DATASET CONTENT:

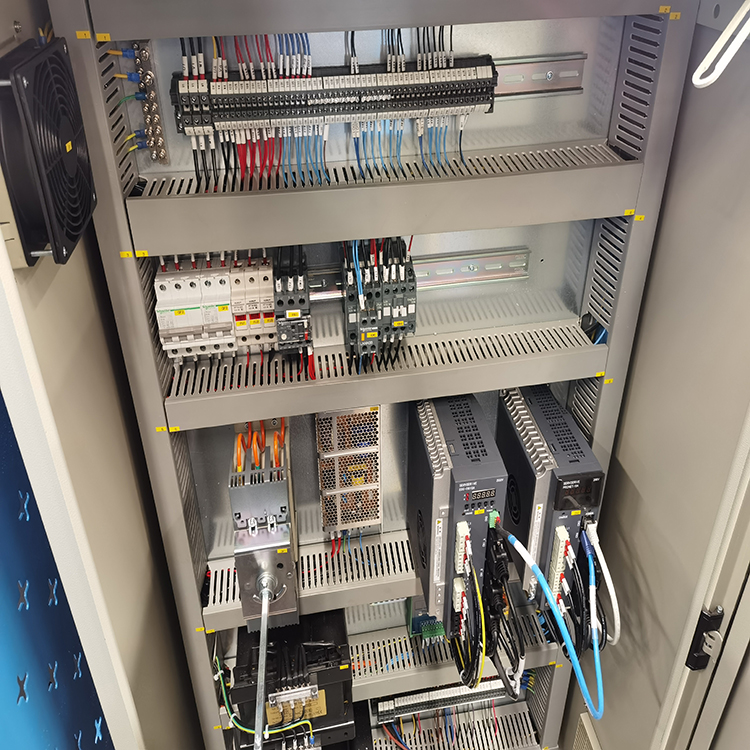 300t/4000 Hydraulic Press Brake Machine 300t/4000 Hidravlik Pres Əyləc Maşını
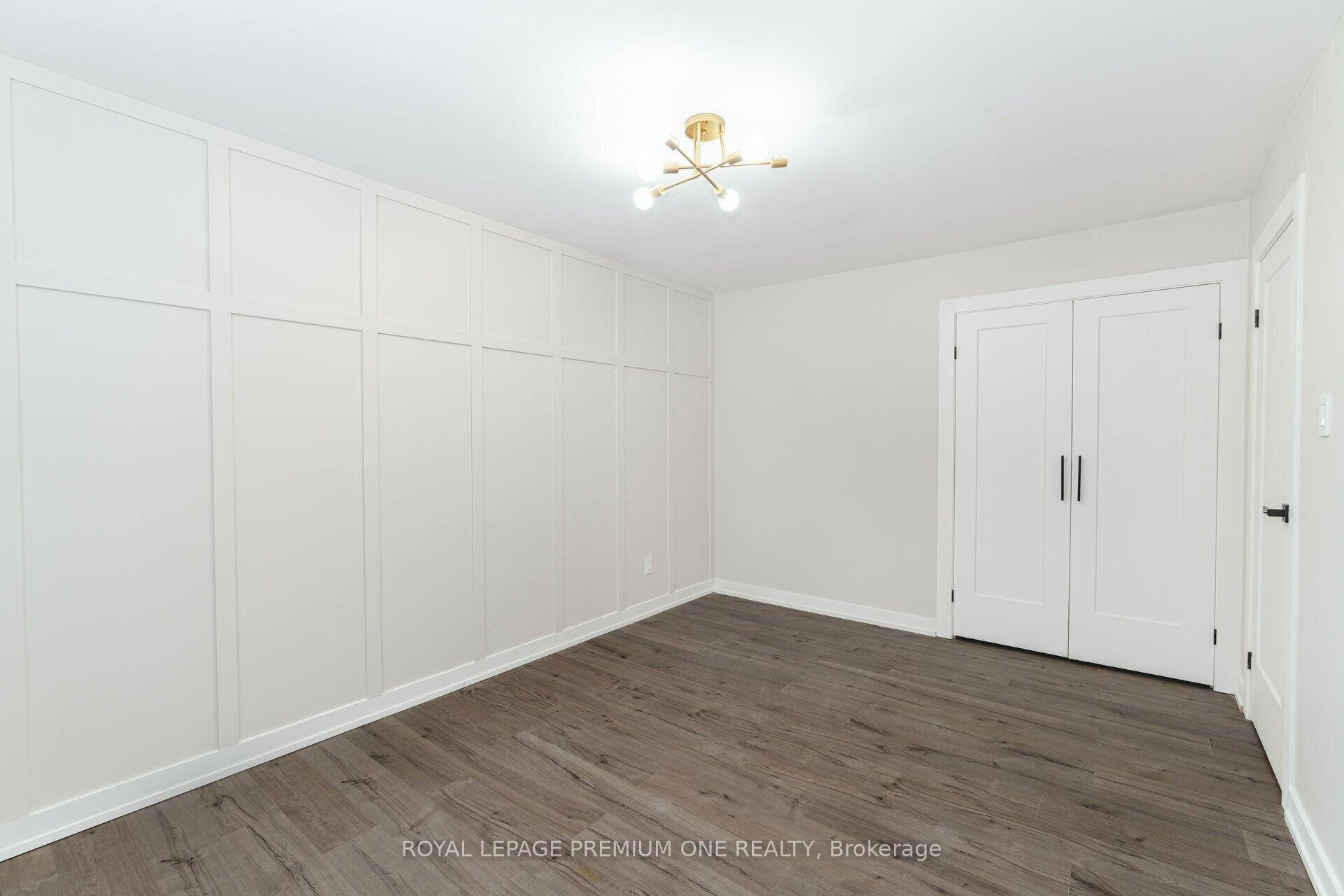 Photo 19 of 453 Leacock Drive, Barrie, Letitia Heights — HOMEH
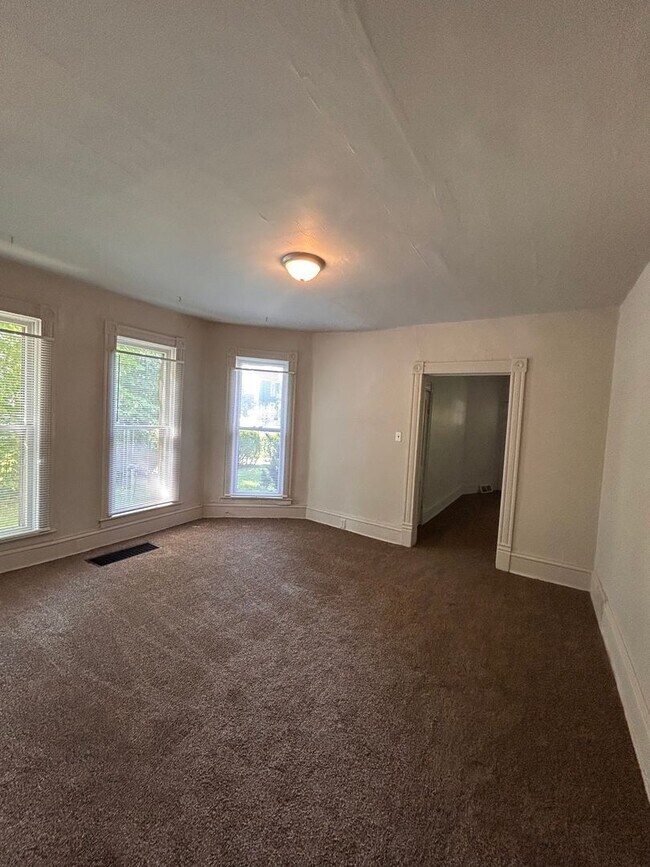 2329 S Harrison St Unit 2329 S Harrison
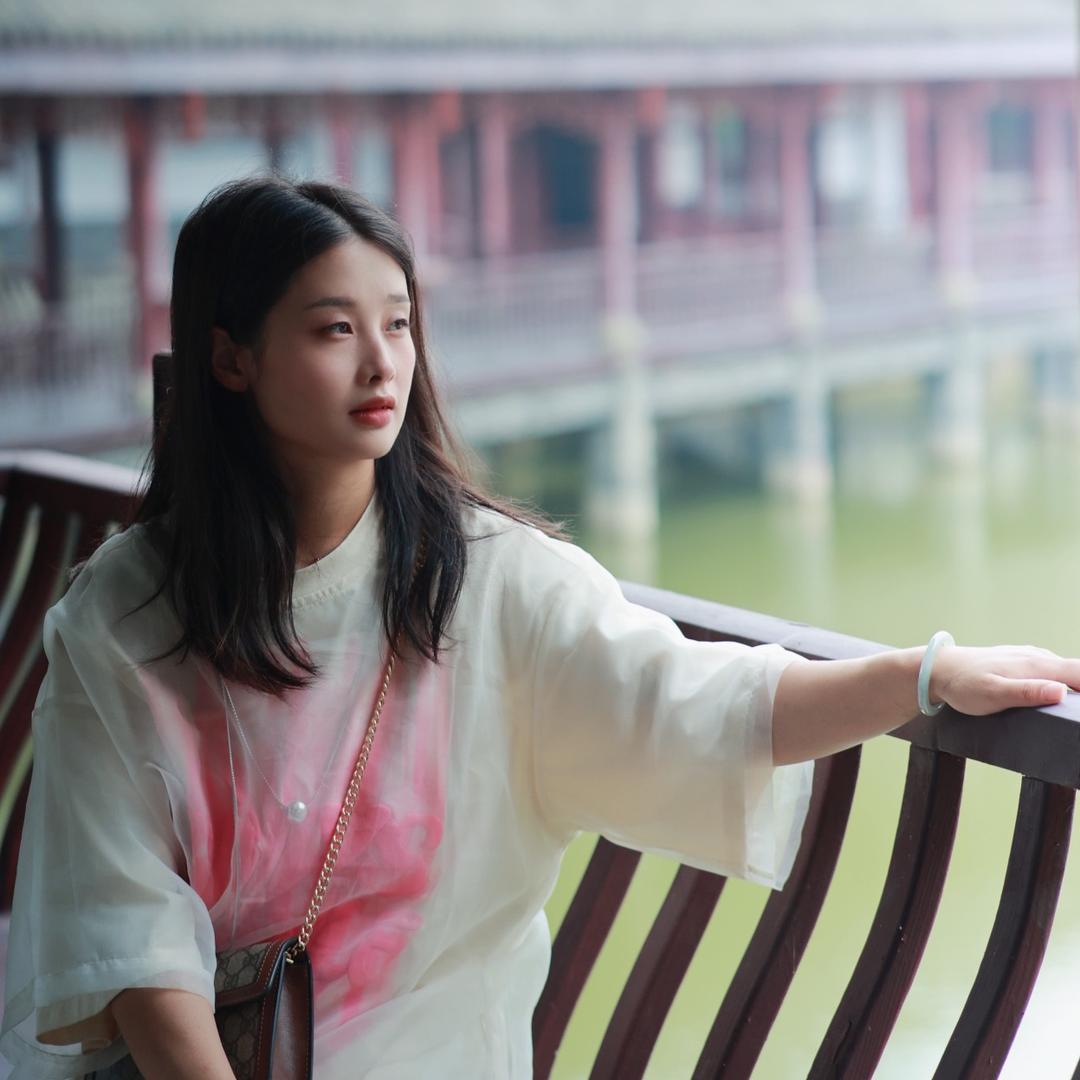 卖美蛙鱼的超妹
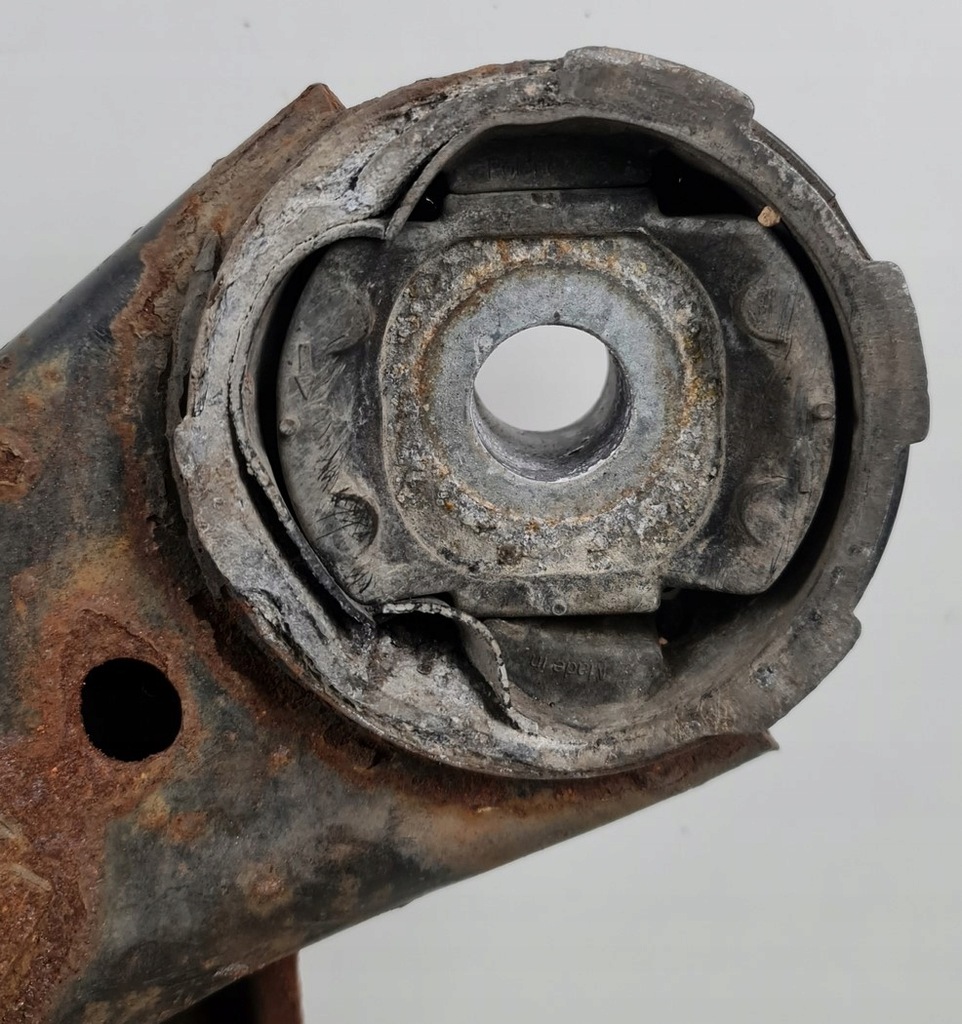 фото №8, Подрамник подрамник балка подрамник перед porsche cayenne i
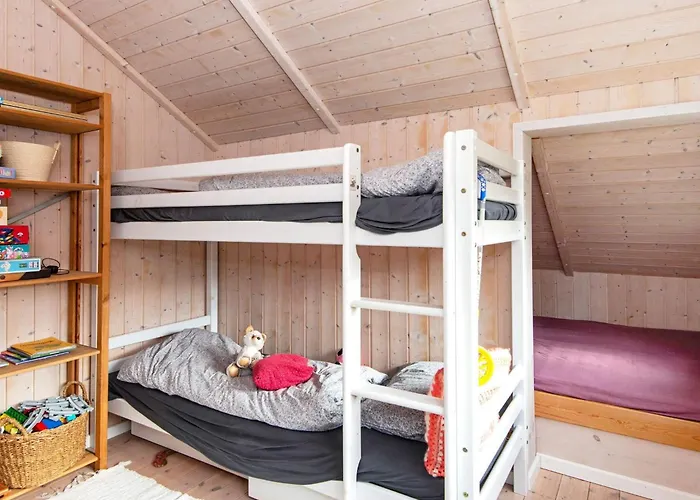 Comfortable With Large Grounds - By Traum Casa vacanze Fjellerup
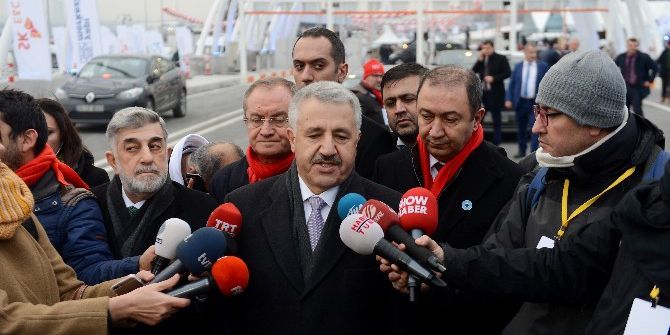 Bakan Arslan: "Avrasya Tüneli Yarın Öğleden Sonra Hizmet Vermeye Başlayacak"
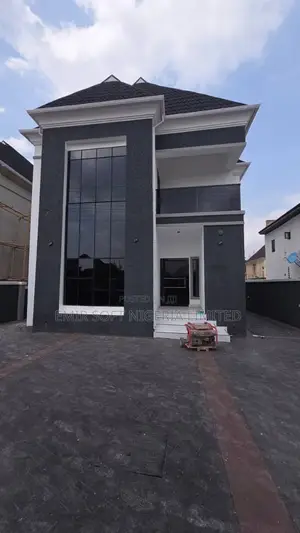 4bdrm Duplex in Carlton Gate Estate, Akobo for sale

WORK TO COMPLETE: Before duplicating, set the pictures aside; then output exactly the lines from the one with "Comfortable With Large" through the end of the records, and only those.

COMPLETED TASK:
 Comfortable With Large Grounds - By Traum Casa vacanze Fjellerup
 Bakan Arslan: "Avrasya Tüneli Yarın Öğleden Sonra Hizmet Vermeye Başlayacak"
 4bdrm Duplex in Carlton Gate Estate, Akobo for sale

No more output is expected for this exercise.